PJM CEO Terry Boston urged state officials to include a call for a safety valve in their comments on the carbon rule. “We have gotten nowhere with EPA” on the issue, Boston said.
AEP’s McManus noted the emission targets don’t change after the final rule is issued next June. “That doesn’t make sense to us. There has to be an opportunity for a mid-course correction” if, for example, a state loses a nuclear plant to an extended outage.
Environmental Dispatch
State officials sparred over whether the EPA rule will require PJM to replace its security constrained economic dispatch (SCED) with “environmental dispatch.”
Ohio’s Haque said the rule is “effectively masked environmental dispatch.”
Speakes-Backman disagreed. “It wouldn’t work. That’s not what’s being proposed in the guidelines,” she said.
Glazer said PJM could use run-time limits on individual generators as a “back door” way to implement emissions rules. But he said “true environmental dispatch” – stacking units by emissions rate irrespective of cost – “is really something of a nightmare” that would threaten cost discipline and disrupt investment signals. “You’d have the reliability and environmental dispatch sort of at war with each other.”

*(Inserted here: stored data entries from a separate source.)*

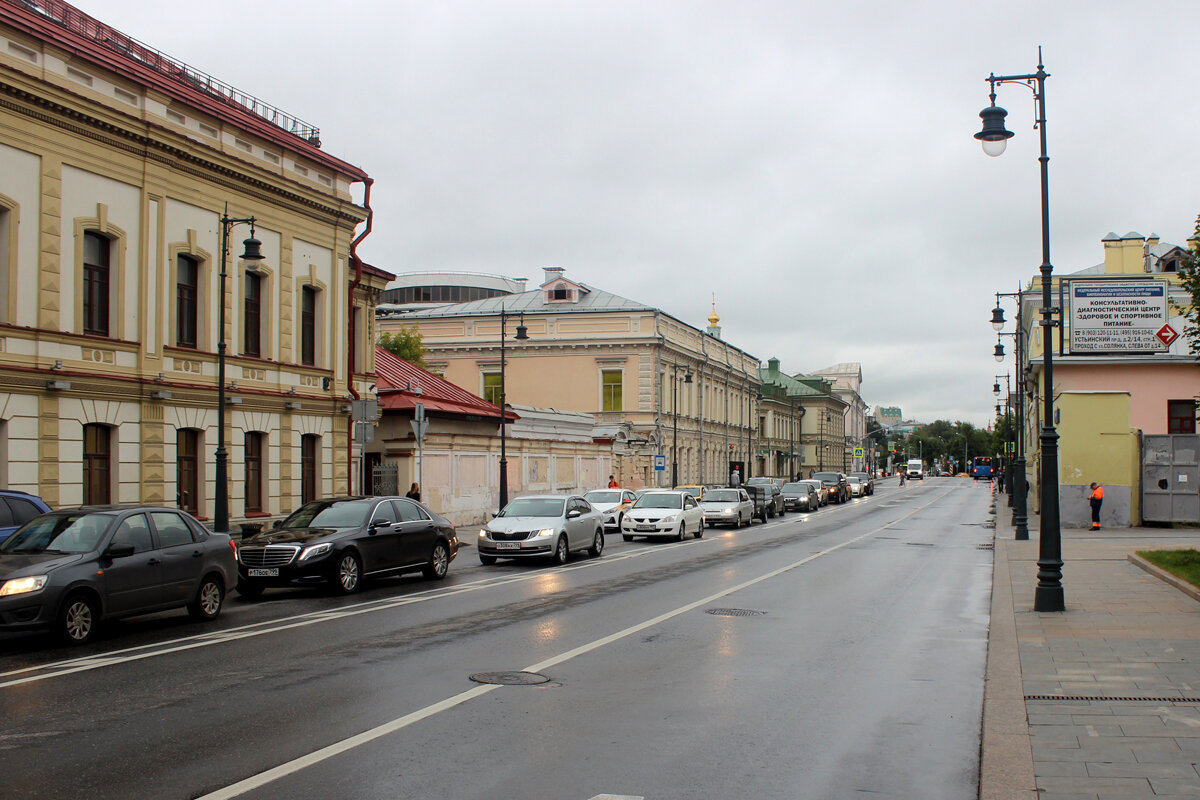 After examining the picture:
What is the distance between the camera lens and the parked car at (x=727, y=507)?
127ft

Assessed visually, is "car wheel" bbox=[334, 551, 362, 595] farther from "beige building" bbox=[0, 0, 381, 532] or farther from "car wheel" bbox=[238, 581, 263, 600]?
"beige building" bbox=[0, 0, 381, 532]

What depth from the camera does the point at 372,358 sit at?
33688mm

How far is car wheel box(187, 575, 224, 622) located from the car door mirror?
141 centimetres

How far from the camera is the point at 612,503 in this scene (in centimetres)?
3769

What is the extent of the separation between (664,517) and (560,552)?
900 centimetres

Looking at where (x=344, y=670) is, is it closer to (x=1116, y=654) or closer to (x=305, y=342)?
(x=1116, y=654)

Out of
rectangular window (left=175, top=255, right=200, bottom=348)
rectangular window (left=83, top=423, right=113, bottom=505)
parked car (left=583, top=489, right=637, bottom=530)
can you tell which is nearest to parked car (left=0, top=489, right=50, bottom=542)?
rectangular window (left=83, top=423, right=113, bottom=505)

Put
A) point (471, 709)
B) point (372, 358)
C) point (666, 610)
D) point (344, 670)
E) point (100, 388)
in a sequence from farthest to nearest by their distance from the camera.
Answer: point (372, 358)
point (100, 388)
point (666, 610)
point (344, 670)
point (471, 709)

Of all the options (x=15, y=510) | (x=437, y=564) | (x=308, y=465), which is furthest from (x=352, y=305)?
(x=15, y=510)

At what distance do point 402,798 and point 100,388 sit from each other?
18.1 m

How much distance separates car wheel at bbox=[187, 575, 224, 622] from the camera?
13.6m

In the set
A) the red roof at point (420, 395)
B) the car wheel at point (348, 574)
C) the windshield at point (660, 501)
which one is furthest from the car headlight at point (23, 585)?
the windshield at point (660, 501)

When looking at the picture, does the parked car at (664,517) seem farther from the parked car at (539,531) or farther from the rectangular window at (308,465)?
the rectangular window at (308,465)

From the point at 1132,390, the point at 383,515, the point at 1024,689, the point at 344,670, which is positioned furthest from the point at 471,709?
the point at 1132,390
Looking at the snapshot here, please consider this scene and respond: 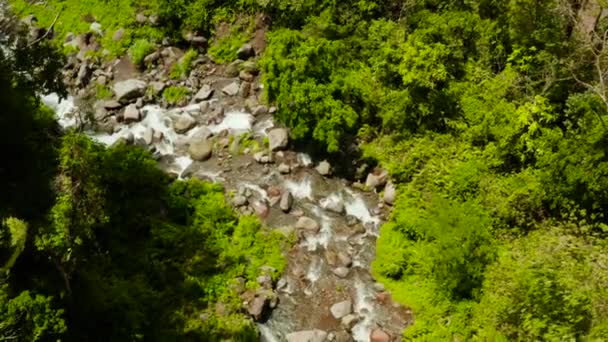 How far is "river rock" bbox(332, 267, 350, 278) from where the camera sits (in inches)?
543

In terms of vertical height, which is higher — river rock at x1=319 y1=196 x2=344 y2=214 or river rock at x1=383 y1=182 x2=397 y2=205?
river rock at x1=383 y1=182 x2=397 y2=205

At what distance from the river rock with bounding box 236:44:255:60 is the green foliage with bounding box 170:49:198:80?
1816 millimetres

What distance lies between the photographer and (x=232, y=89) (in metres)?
18.7

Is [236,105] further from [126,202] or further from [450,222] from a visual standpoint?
[450,222]

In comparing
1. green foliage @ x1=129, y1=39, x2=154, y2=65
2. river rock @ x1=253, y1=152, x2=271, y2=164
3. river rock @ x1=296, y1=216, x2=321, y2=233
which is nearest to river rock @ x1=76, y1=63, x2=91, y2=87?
green foliage @ x1=129, y1=39, x2=154, y2=65

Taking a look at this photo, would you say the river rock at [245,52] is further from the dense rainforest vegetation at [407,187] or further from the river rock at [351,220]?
the river rock at [351,220]

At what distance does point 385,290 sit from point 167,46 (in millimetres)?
13174

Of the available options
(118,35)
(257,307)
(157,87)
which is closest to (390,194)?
(257,307)

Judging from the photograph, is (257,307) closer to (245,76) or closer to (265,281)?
(265,281)

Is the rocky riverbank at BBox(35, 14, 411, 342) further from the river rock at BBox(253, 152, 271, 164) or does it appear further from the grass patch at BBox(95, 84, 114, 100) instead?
the grass patch at BBox(95, 84, 114, 100)

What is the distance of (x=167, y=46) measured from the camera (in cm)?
2052

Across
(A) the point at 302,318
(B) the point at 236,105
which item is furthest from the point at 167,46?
(A) the point at 302,318

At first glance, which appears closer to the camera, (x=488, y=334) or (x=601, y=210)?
(x=488, y=334)

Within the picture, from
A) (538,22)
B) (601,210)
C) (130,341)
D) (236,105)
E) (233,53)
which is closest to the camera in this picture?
(130,341)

Former Ohio Public Utility Commissioner Paul Centolella suggested a market-based solution, noting that a cap-and-trade program was able to reduce SO2 emissions for a much lower cost than most had projected.
Michigan Public Service Commissioner Greg White said a market-based solution would be the cheapest way to achieve compliance. But he said such a response would require agreements between states and action by the Michigan legislature.
“How we get there, I have no idea,” he said. “I’m not the decision maker. Not even close to the decision maker.